Un classico, penso, mentre sorrido, schermandomi gli occhi per resistere alla luce intensa del sole che inizia la sua lenta discesa verso i margini gentili delle cime appenniniche, che sfumano in lontananza.
Siedo su di una coperta posata su uno spiazzo di erba soffice, localizzato sulla sommità di una collinetta erbosa che guarda il mondo da una certa altezza.
In lontananza, le cime del Giovo, del Gomito e il Libro aperto, osservano ogni mia mossa e forse mi riconoscono, perché i miei occhi su quelle vette lontane ci indugiano sin da quand’ero un bambino che si faceva un sacco di domande sul mondo.
La posizione prominente mi permette di lasciar correre lo sguardo su prati verdi e rigogliosi, interrotti da alcuni casolari e da pascoli popolati da mucche che brulicano serene godendosi il tepore dell’ultimo sole.
A breve, dal fondovalle, salirà la sottile bruma che precede il crepuscolo portando in seno fragranze antiche, mai del tutto dimenticate.
La presenza dell’uomo, da queste parti, è ancora modesta, lo amo anche per questo l’Appennino.
Quando decido di alzarmi, lo faccio un po’ a malincuore, perché è un luogo calmo e accogliente, dominato da una luce calda, che non scotta.
Mi scappa un sorriso mentre completo l’operazione, e mi stiro lievemente dopo essermi alzato in piedi.
Correre dietro a un’idea è sempre una faticaccia, ma è anche un’avventura in grado di regalarmi una storia.
Tra tutte quelle possibili, ne scelgo una in particolare che mi pare promettente.
Ha un colore simile al cobalto, e danza in maniera un po’ scomposta, allontanandosi progressivamente dalla mia vista.
Rischia di sfumare se non mi muovo, e allora arrotolo la coperta, la infilo nello zaino, e punto quella cosa indefinita che aleggia ai margini della mia mente, sperando che riesca ad avvicinarmi in modo da riuscire a concretizzarla in un pensiero più articolato.
Dietro alle mie spalle, il Monte Cimone domina silenzioso l’arco appenninico. Con i suoi 2165 metri è la vetta più alta dell’appennino tosco emiliano. A guardarlo dal basso non incute il timore reverenziale che capita di sperimentare posando gli occhi su alcune montagne.
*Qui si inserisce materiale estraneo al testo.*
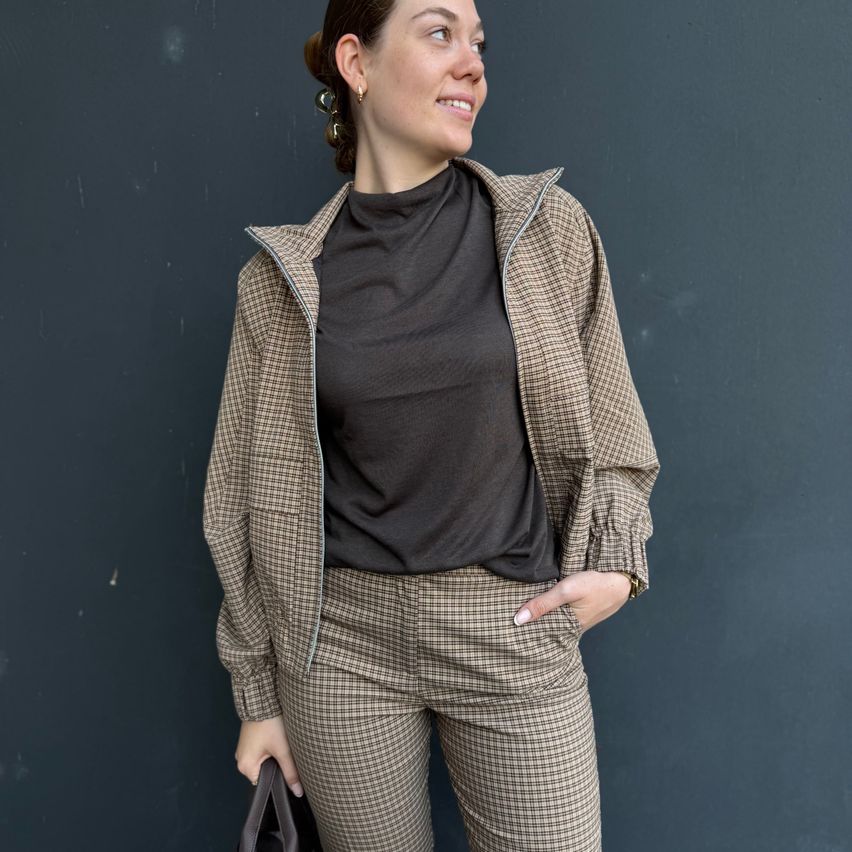 Eine Frau in einem schwarzen Rollkragenpullover und einer braun karierten Jacke mit passender Hose steht gegen eine graue Wand und lächelt.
È un massiccio dai fianchi rotondi e dai contorni molli e leggeri, ricoperto interamente da un sottile strato d’erba che muta lievemente di tonalità a seconda delle stagioni.
In cima sono salito un paio di volte e ricordo, in particolare, l’ultima, che risale già a una quindicina di anni fa.
Era un giorno terso d’autunno, arrivai in vetta prima delle dieci del mattino.
La vista di cui si gode da lassù è unica nel suo genere e abbraccia letteralmente mezza Italia.
Il mar Tirreno brillava in lontananza, oltre le vette acuminate delle Apuane che lasciavano alla vista il giusto spazio per godersi il profilo sinuoso della Liguria, da un lato e, dall’altro, l’arcipelago Toscano, punteggiato dalle sue Isole, perfettamente riconoscibili.
Sullo sfondo, simile a un gigante lontano addormentatosi su quel nastro di seta calmo e azzurro, stava la Corsica.
Spostando lo sguardo verso nord, oltre la foschia che sempre ammorba la pianura padana, le creste dell’arco alpino, incoronate già dalla prima neve, sfavillavano in un cielo cobalto che, a quell’altezza, ha un colore assai più vivido che a livello del mare.
Non ho ancora smesso di correre su quella collina.
A volte ho bisogno di riprendere fiato e riposarmi, ma lo faccio quando è buio, di solito, e comunque mai prima di aver visto qualche stella prendere il suo posto nel firmamento.
Qualche idea buona riesco pure ad acchiapparla di tanto in tanto e stasera una sono arrivato a sfiorarla, prima che mi sfuggisse di nuovo, approfittando del bosco fitto che ricopre le pendici appenniniche per nascondersi.